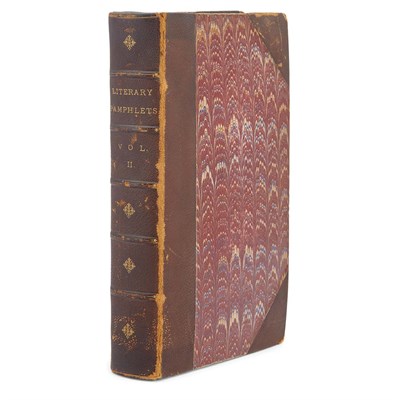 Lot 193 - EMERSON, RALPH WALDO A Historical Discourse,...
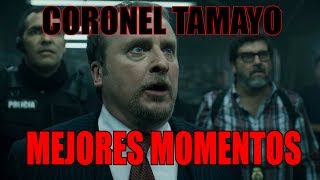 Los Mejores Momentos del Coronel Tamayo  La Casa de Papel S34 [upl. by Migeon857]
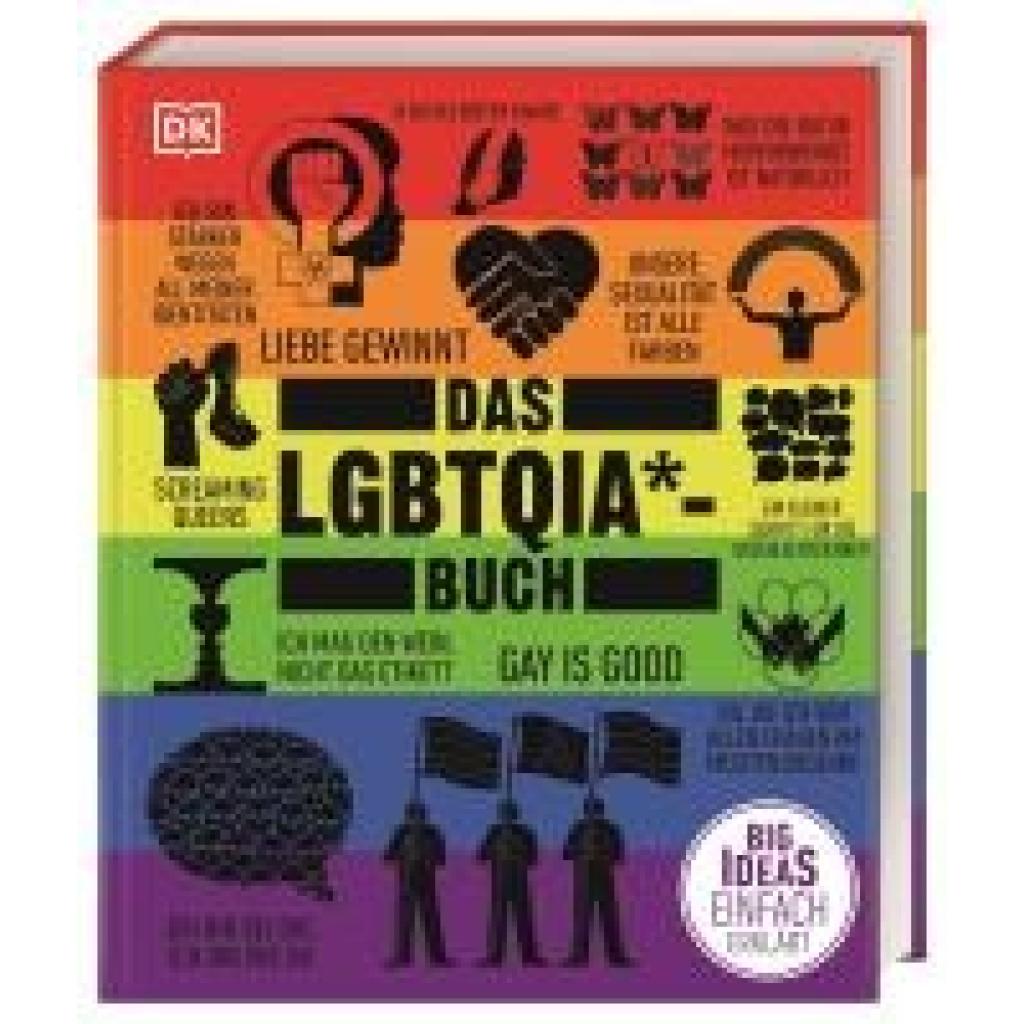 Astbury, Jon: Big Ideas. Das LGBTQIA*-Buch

___

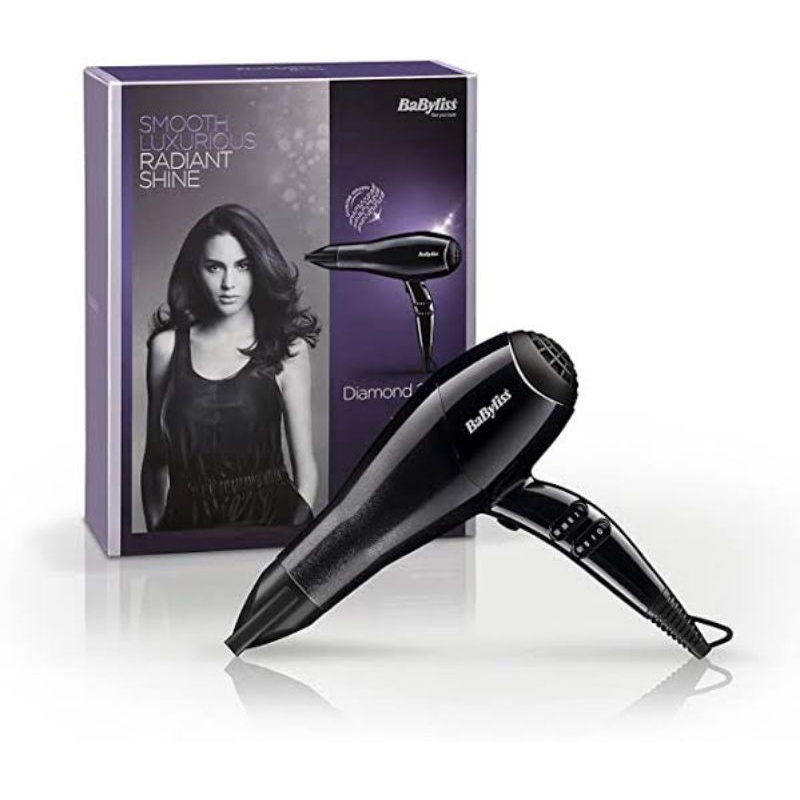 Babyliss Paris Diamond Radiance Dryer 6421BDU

___

=== To do ===
Please copy the lines above exactly, starting at the line that holds "Lot 193 - EMERSON, RALPH" and ending at the line that holds "Astbury, Jon: Big Ideas. Das LGBTQIA*-Buch"; include both, but no pictures.

=== Response ===
 Lot 193 - EMERSON, RALPH WALDO A Historical Discourse,...
 Los Mejores Momentos del Coronel Tamayo  La Casa de Papel S34 [upl. by Migeon857]
 Astbury, Jon: Big Ideas. Das LGBTQIA*-Buch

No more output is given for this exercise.